Preparation of recombinant adenovirus.
Adenovirus containing the cDNA of wild-type PKCζ (WT-PKCζ), myristoylated PKCζ (myr-PKCζ), or kinase-dead PKCζ (KD-PKCζ) (24) was prepared as previously described (25). All PKCζ constructs contain an HA tag for monitoring their expression. Caveolin-1 enhanced green fluorescent protein (EGFP) adenovirus was constructed according to He et al. (26). Fully differentiated adipocytes were infected with either construct at 150 multiplicity of infection.

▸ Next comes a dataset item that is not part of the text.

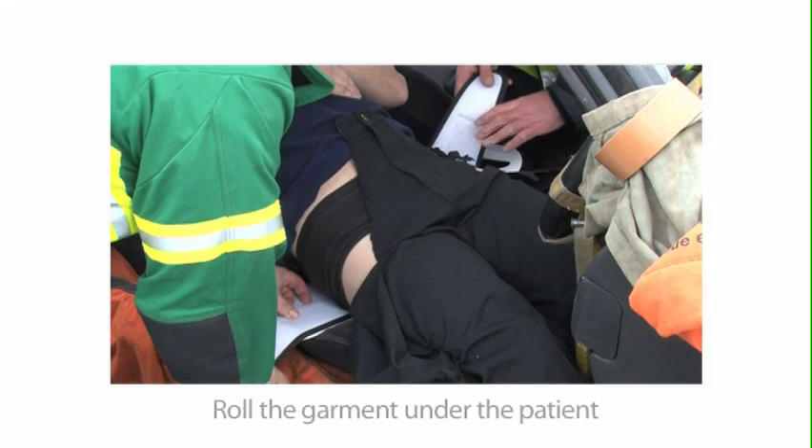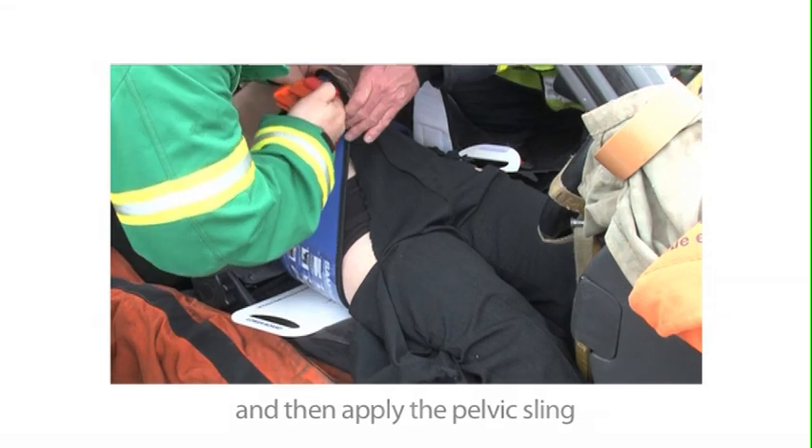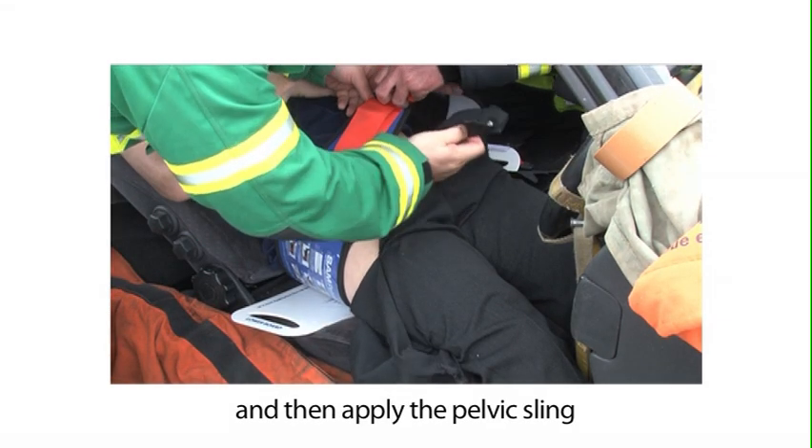Roll the garment under the patient, then apply the pelvic sling as per the manufacturer's instructions.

3T3-L1 cells were maintained in Dulbecco's modified Eagle's medium (DMEM; Life Technologies) and differentiated into mature adipocytes as described previously (22). Differentiated cells were usually harvested at days 10–12 after confluence. Human fibroblasts were cultured in DMEM/F-12 (Life Technologies) until confluence.
Preparation of whole-cell lysates.
Cells were lysed after experimental manipulation (see figure legends) in an appropriate volume of lysis buffer (27).

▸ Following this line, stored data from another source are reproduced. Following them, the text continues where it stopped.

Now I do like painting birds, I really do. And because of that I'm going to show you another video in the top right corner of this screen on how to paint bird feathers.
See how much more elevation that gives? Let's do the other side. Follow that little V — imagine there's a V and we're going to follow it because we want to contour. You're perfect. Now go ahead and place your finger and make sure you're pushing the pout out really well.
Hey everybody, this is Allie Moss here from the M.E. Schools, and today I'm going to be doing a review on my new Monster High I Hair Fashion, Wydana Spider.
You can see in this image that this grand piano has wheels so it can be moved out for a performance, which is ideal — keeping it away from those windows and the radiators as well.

Preparation of detergent-resistant membranes.
Detergent-resistant membranes (DRMs) were prepared as described previously (22). Cells were homogenized into 25 mmol/l MES (2-[N-Morpholino]ethanesulfonic acid), pH 6.0, 150 mmol/l NaCl, 1% (wt/vol) Triton X-100, complete inhibitor tablet, and lysate ran on a sucrose gradient. The gradient was centrifuged at 120,000g for 20 h at 4°C. DRM fractions were then collected and frozen at −20°C until required.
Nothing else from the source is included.